Venezuela’s oil company PDVSA has decided to plug and abandon its exploration well offshore Cuba, according to Granma newspaper.

The Cabo de San Antonio 1X well, drilled by the Scarabeo 9 rig, failed to show commercial hydrocarbon volumes, but, according to Granma, valuable geological information has been obtained.

Cuba’s state oil company, Cubapetróleo (Cupet) has informed Granma that PDVSA will, despite the setback, continue their participation in the exploration campaign in Cuban waters.

This is a discouraging news for the communist country which has been trying to develop its own hydrocarbon reserves in order to reduce its dependance on oil imports.

To remind, in the past couple of months, efforts made by Repsol, Gazprom and Petronas to unlock Cuban offshore oil reserves have also been unsuccessful.

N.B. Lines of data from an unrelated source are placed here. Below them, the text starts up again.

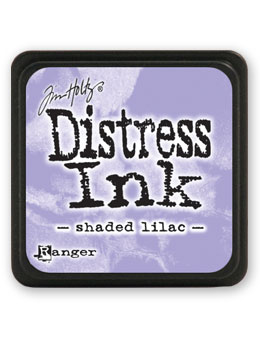 Tim Holtz - Mini Distress Ink - Shaded Lilac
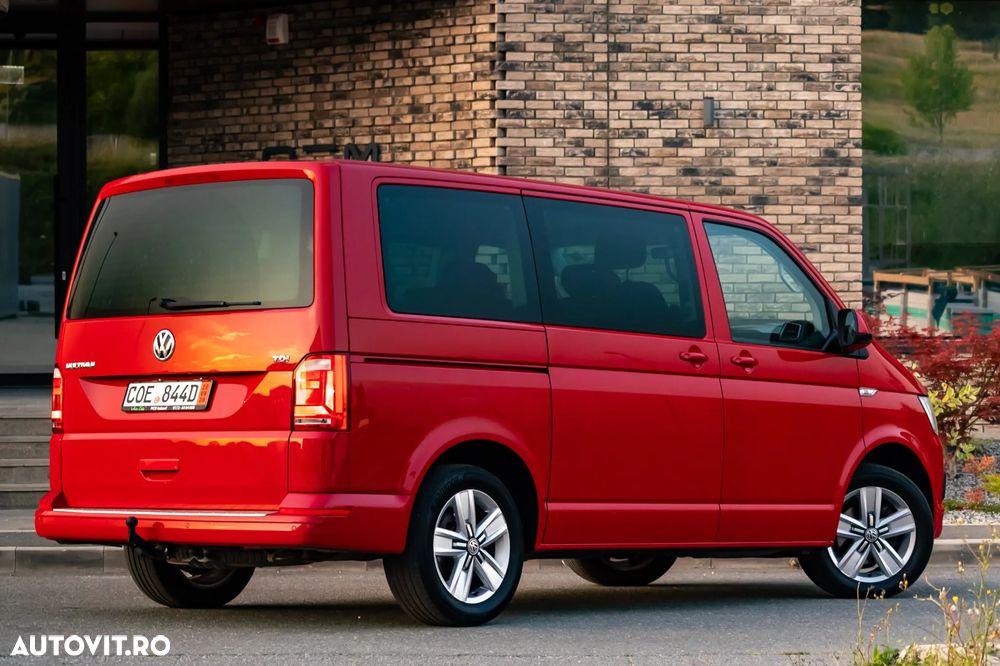 Volkswagen Multivan - 4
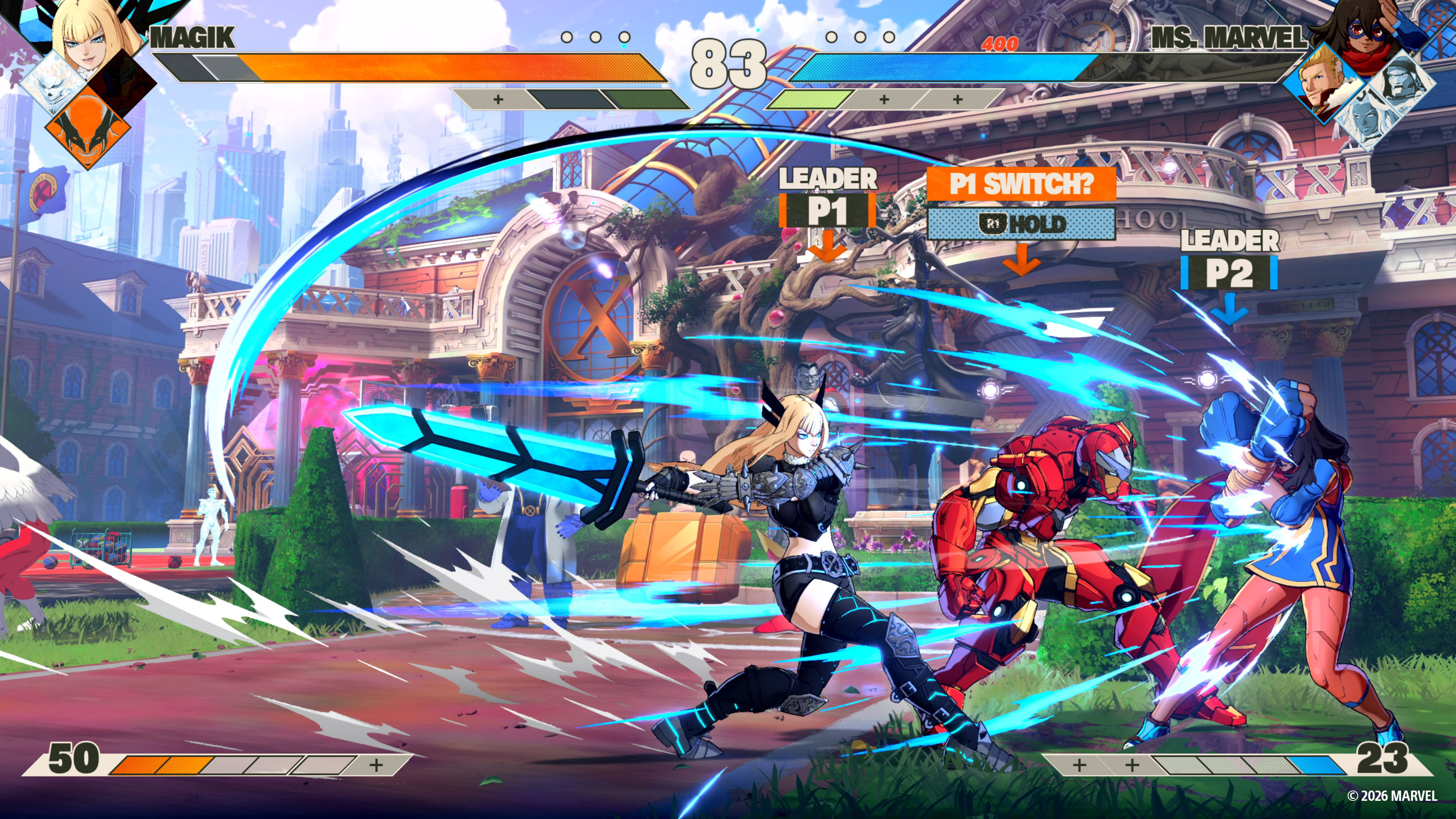 Marvel Tokon Fighting Souls for PS5 - Image 7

All the companies mentioned used the Scarabeo 9 semi-submersible drilling rig. The rig, capable of operating in water depths of up to 3,600 meters, was built by Singapore’s Keppel specifically for drilling operations in Cuban waters.

Due to the United States trading embargo against Cuba, Repsol had to come up with a rig with almost no U.S. made parts in it, and according to Reuters, the only U.S. manufactured part on the Scarabeo 9 rig is a blowout preventer, a part that malfunctioned and caused the Deepwater Horizon disaster in the U.S. Gulf of Mexico in 2010.